● **WHAT YOU WILL DO**
Lines from the one containing "布料ins加厚草莓小樱桃印花双面法兰绒服装睡衣海绵垫" through the final line of the records below are needed, copied exactly, with no pictures.
START DATASET EXTRACT
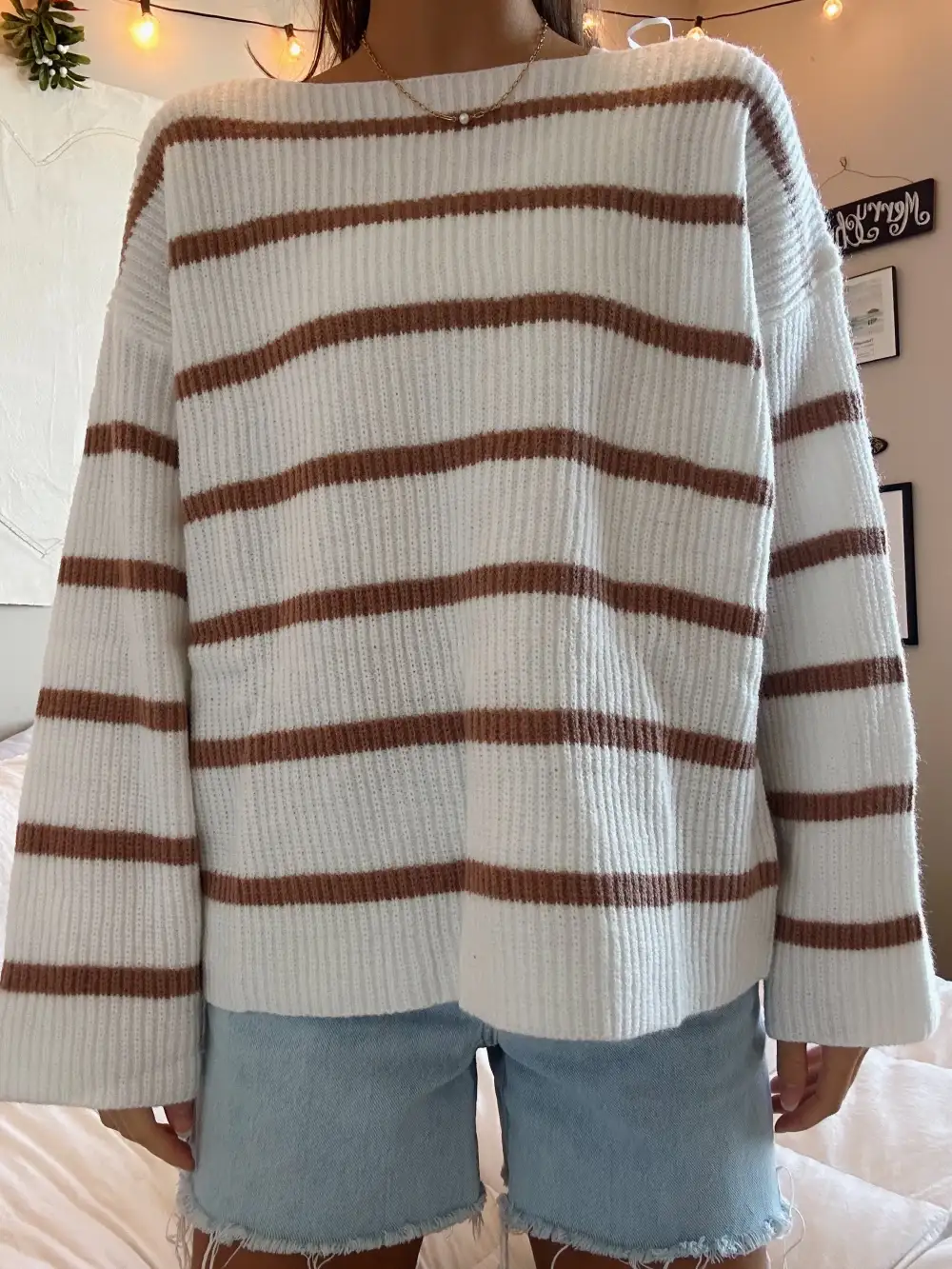 TAN & CREAM STRIPED SWEATER
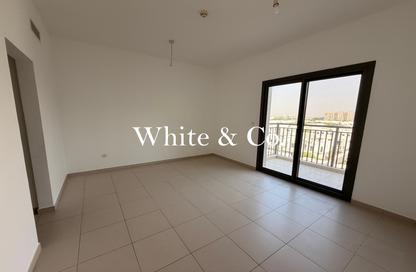 Apartment - 3 Bedrooms - 4 Bathrooms for sale in Zahra Apartments 2A - Zahra Apartments 2 - Zahra Apartments - Town Square - Dubai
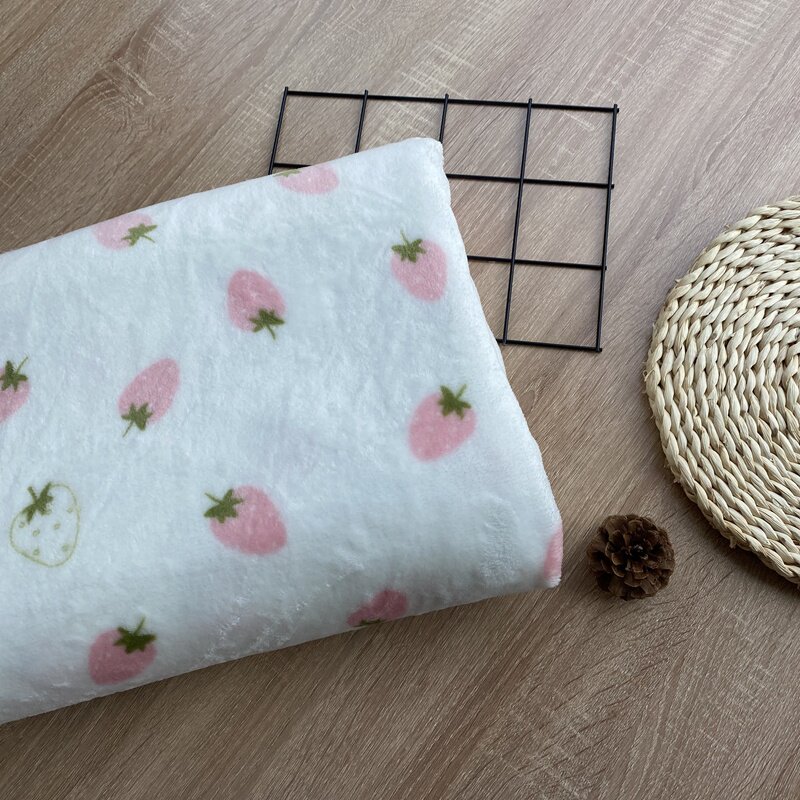 布料ins加厚草莓小樱桃印花双面法兰绒服装睡衣海绵垫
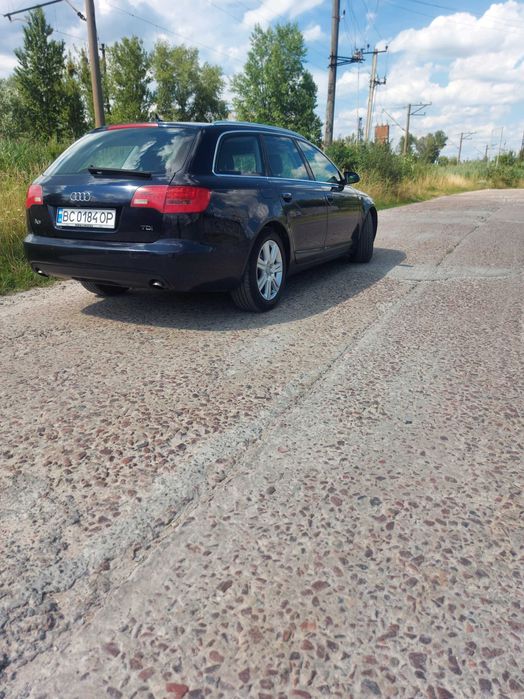 Автомобіль Ауді А6 С6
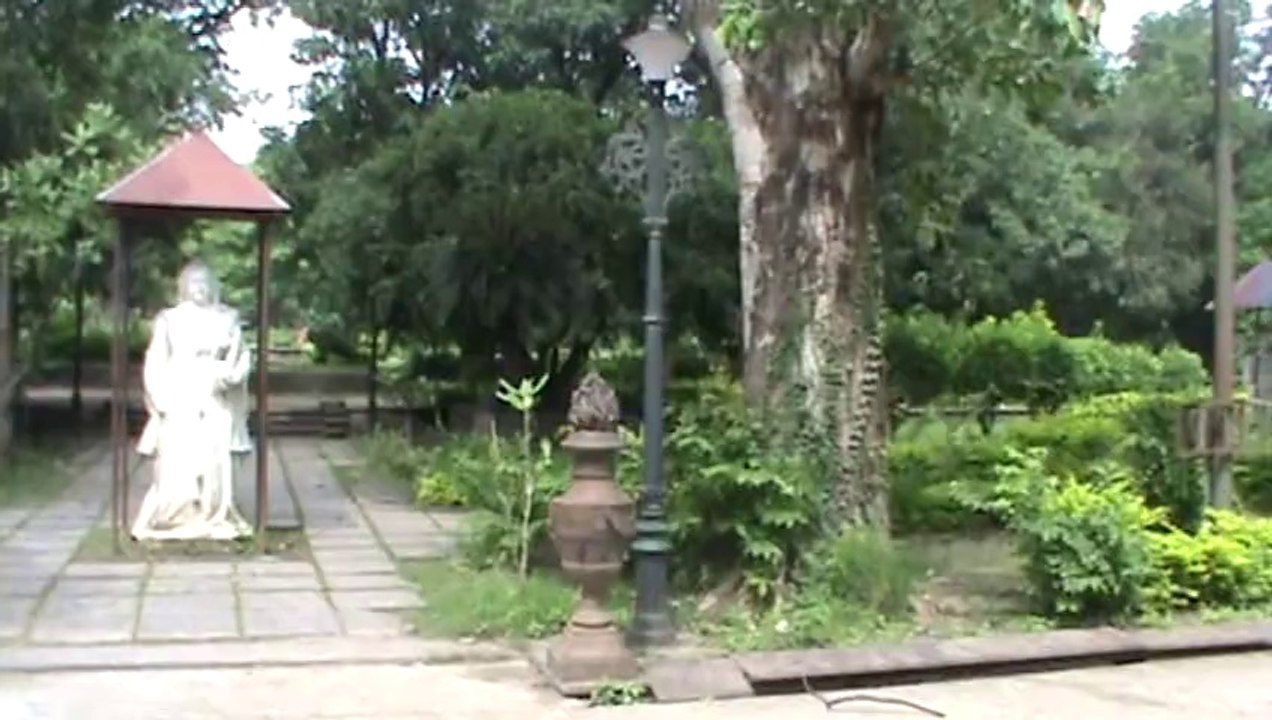 Statue in Lal Bagh Park Indore SKMClasses Subhashish Sir IIT JEE South Bangalore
END DATASET EXTRACT
● **ANSWER AREA**
 布料ins加厚草莓小樱桃印花双面法兰绒服装睡衣海绵垫
 Автомобіль Ауді А6 С6
 Statue in Lal Bagh Park Indore SKMClasses Subhashish Sir IIT JEE South Bangalore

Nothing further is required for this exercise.